This is the challenge Belgian theatre-maker Alexander Devriendt set seven actors—three from the Sydney Theatre Company's the Residents and four from his Belgian performance group Ontroerend Goed—to create a new play, A History of Everything.
They came up with a script that compresses about 14 billion years into 100 minutes of stage time. Each performance starts in the present, including the news of the day, and then works back to the Big Bang and into "nothingness".
"We all threw in ideas and came up with the stuff that fascinates us as human beings," Devriendt says. He was given free rein to create the show for the STC (in association with the Sydney Festival), after making an impression with his anarchic study of puberty, Once and for All We're Gonna Tell You Who We Are So Shut up and Listen (STC, 2009). The company's first visit to Sydney was with The Smile Off Your Face, in which participants were seated in a wheelchair, blindfolded and lightly bound, then guided through a series of sensual experiences (Sydney Festival, 2009).

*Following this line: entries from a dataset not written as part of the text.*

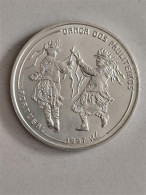 Delcampe - 13707596 - Portugal 1000 Escudos Tanz Pauliteiros Jg. 1997 Stgl Siehe Scan Silber 500er Gewicht 27g (fein 13,50g) - Münzen (Abb.)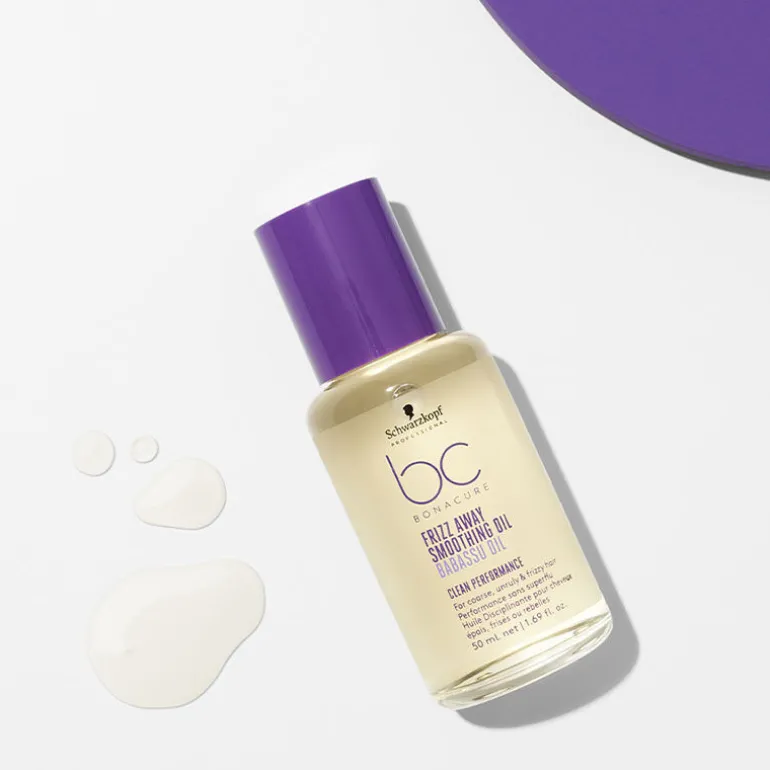 Huile lissante pour cheveux indisciplinés BC Frizz Away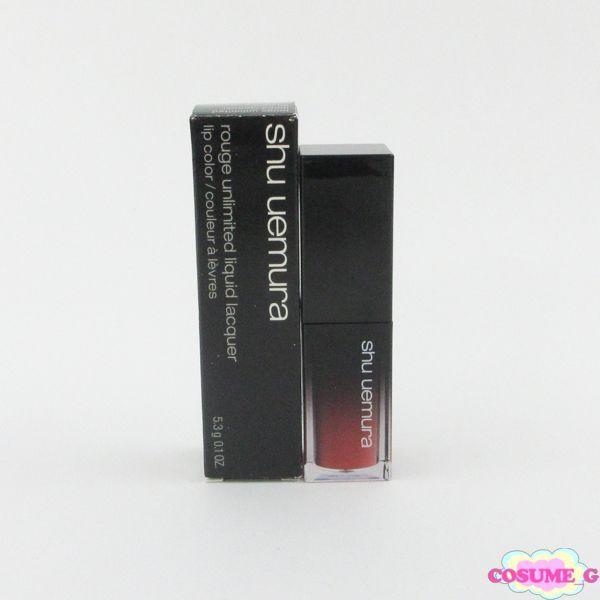 シュウ ウエムラ ルージュ アンリミテッド リキッド ラッカー  CR 01 未使用 C338状態：未使用のお品物になります。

"I always have these crazy ideas about making something that has never been seen before," Devriendt says. "I was reading about evolution and cosmos theory and I was finding it fascinating and baffling. I thought, 'I've read about the history of the world or the history of human civilisation but I've never seen a history of everything before, so let's try it.' It was a big idea but it needed to be personal."
Residents Zindzi Okenyo, Cameron Goodall and Tahki Saul went to Ghent, Belgium, to work with Ontroerend Goed. In the resulting show, Saul tackles most scientific discoveries, while Okenyo plays the US presidents, including Barack Obama. The entire cast impersonates our primate ancestors and amoeba.

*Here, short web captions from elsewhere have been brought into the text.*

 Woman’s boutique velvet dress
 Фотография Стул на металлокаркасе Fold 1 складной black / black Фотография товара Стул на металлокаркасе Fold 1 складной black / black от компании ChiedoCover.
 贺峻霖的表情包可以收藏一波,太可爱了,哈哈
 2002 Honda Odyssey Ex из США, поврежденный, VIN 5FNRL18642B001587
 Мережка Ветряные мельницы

"I also get to play Michael Jackson and do an impersonation of Darth Vader, something I've always wanted to do," Saul jokes. Okenyo says: "I get to play Tom Cruise, that's fun."
The actors use handmade props and toys to tell the story, including cotton mushrooms to represent the A-bomb and a glass of water spilling across a map of the world to represent the tsunami of Boxing Day 2004. "It looks like we're just playing around," Saul says. "But it does make you think about whether or not you have a significant role to play in all this history."
Devriendt says the play is driven by questions of identity, memory and significance. "Do our memories decide who we are? I know I believe in human rights and I believe in love but those ideas are not mine, they come from all these other people throughout time," he says.
"That's what is fascinating.
"I wanted to make a play that doesn't make you feel insignificant; instead, it makes you feel treasured because of that insignificance."